It is a pleasure, after the less-than-positive review posted 12/21/09, to give an unqualified “thumbs up” to DEADLY DECISIONS by Christophen Burns (Prometheus Books, Amherst, NY).

The book’s sub-title is How False Knowledge Sank The Titanic, Blew Up The Shuttle, And Led America Into War, which is a synopsis of situations in which false knowledge prevailed in the decision-making leading to those (and other) preventable disasters. This is a book one wishes was required reading for every governmental & non-governmental authority whose decisions impact those they put at risk. Alas (as is too often the case), the very people who need to be open to the critical thinking prescribed in DEADLY DECISIONS are ostensibly least likely to read it, or take it to heart if they do read it.

This discouraging observation is not only a shame, but a jeopardous shame, for (as Burns tells us in his book) dissonant information is particularly dangerous “because it brings the threat of confusion. The truth may make men free, but it’s certitude that makes them happy.” For some, in other words, holding on to one’s own “truth” at all costs trumps consideration of evidence to the contrary….even compelling evidence to the contrary. “The mind is wired for learning, not unlearning,” again quoting Burns.

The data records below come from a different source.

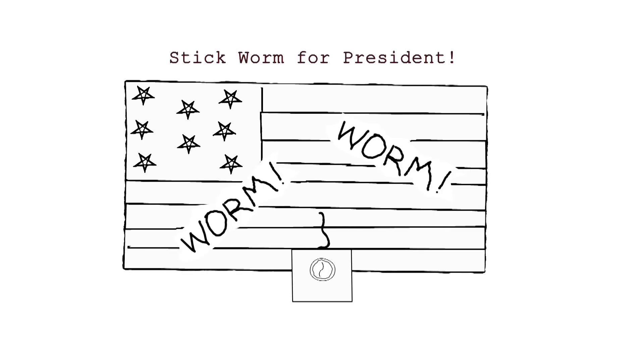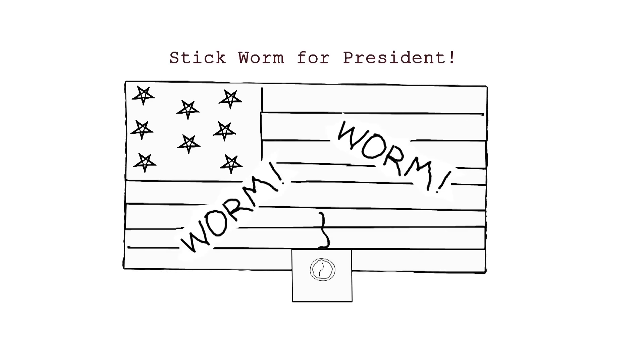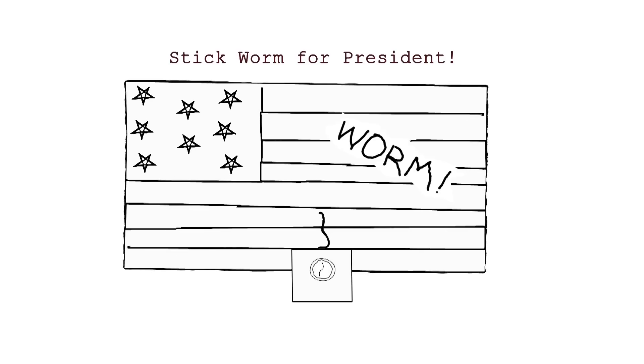Stickworm for President, by Rick Walton. With illustrations even you could have drawn.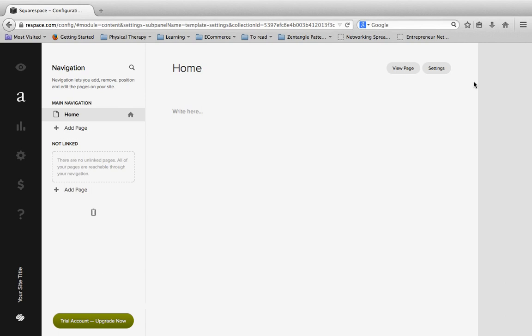In this section I'm going to be showing you how to add content to your Squarespace website. And specifically in this first video I'm going to show you how to create new pages for your site.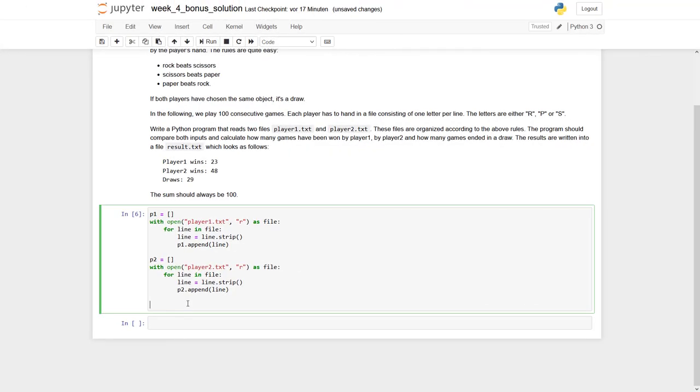What do we have to do next? We will loop over both lists p1 and p2 and compare the entry at index 1, 2, 3, 4, and so on. Then we compare if one has written an R and the other has written a P, and we can decide if one or the other has won.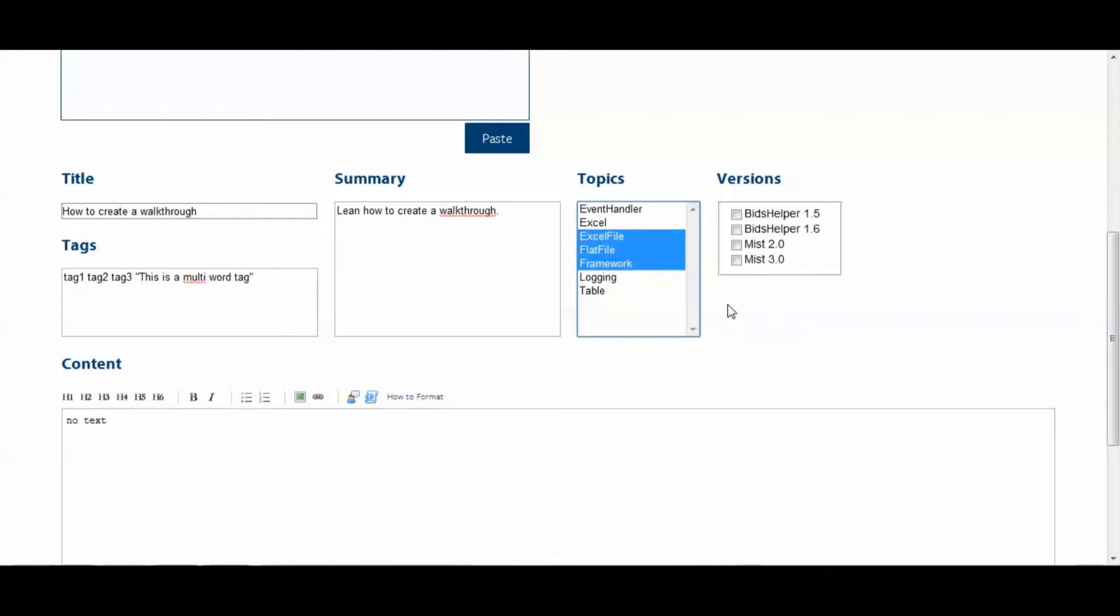Next, we come to the Versions field. What you'll want to do here is select each version of Bids Helper and Myst that your walkthrough works on. So, say mine works on Bids Helper 1.6 and Myst 3.0, I'll select those two but leave the other two blank.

DEADLY DECISIONS will challenge your mindset if you’re heavily invested in the kind of thinking Burns exposes. Take up the challenge. Read this book. What are you afraid of losing?


  1. tomgnh says:

    If you want to follow up on this idea, check out “March of Folly” by Barbara Tuchman. She traces several truly stupid political decisions to try to understand the forces that lead to them despite arguments to the contrary.
    Her chapters on the Trojan Horse and Vietnam are particularly good.


  2. mistermuse says:

    Thanks for the heads-up, tomgnh. I’ll post a brief follow-up to my review, mentioning your suggestion of “March of Folly” as well as another book I’ve found to which reference could be made if anyone is interested in additional reading in this area. If you have a blog and would like me to mention it in my follow up, let me know. Thanks again.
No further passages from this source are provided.